No silver bullets here: Accessing data stored in Neo4j on the JVM

In the previous post I presented various ways how to get data into Neo4j. Now that you have a lot of connected data and it’s attributes, how to access, manipulate, add to them and delete them?

I’m working with and in the Spring ecosystem quite a while now and for me the straight answer is – without much surprises – just use the Spring Data Neo4j module if you work inside the Spring ecosystem. But to surprise of some, there’s more than just Spring there outside.

In this blog post I walk you through

Using the Neoj4 Java-Driver directly
Creating an application based on Micronaut, which went 1.0 GA these days, the Neo4j Java-Driver and Neo4-OGM
A full blown Spring Boot application using Spring Data Neo4j

Before we jump right into some of the options you as an application developer have to access data inside Neo4j, we have to get a clear idea of some of the building blocks and moving parts involved. Let’s get started with those.
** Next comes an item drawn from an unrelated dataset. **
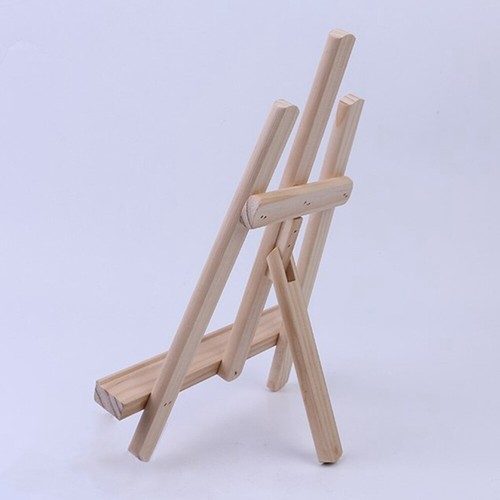 Wood Kid Drawing Stand Message Board Display Rack for Kid Children Home Outdoor - Picture 4 of 12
Building blocks and moving parts

Neo4j Java-Driver

The most important building block for access Neo4j on the JVM is possibly the Neo4j Java Driver. The Java driver is open source and is available on Github under the Apache License. This driver uses the binary “Bolt” protocol.

You can think of that driver as analogue to a JDBC driver that available for a relational database. Neo4j also offers drivers for different languages based on the Bolt protocol.

As with Java’s JDBC driver, there’s a bit of ceremony involved when working with this driver. First you have to acquire a driver instance and then open a session from which you can query the database:

try (
    Driver driver = GraphDatabase.driver( uri, AuthTokens.basic( user, password ) );
    Session session = driver.session()
) {
    List<String> artistNames =
        session
            .readTransaction(tx -> tx.run("MATCH (a:Artist) RETURN a", Map.of()))
            .list(record -> record.get("a").get("name").asString());
}

With that code, one connects against the database and retrieves the names of all artists, I imported in my previous post. What I omitted here is the fact that the driver does connection pooling and one should not open and close it immediately. Instead, you would have to write some boiler plate code to handle this.

There are some important things to notice here: The code speaks of a driver. That is org.neo4j.driver.v1.Driver. The session is also from the same package: org.neo4j.driver.v1.Session. Those both are types from the driver itself. You have to know this things, because those terms will pop up later again. Neo4j-OGM, the object graph mapper, also speaks about drivers and session, but those are completely different things.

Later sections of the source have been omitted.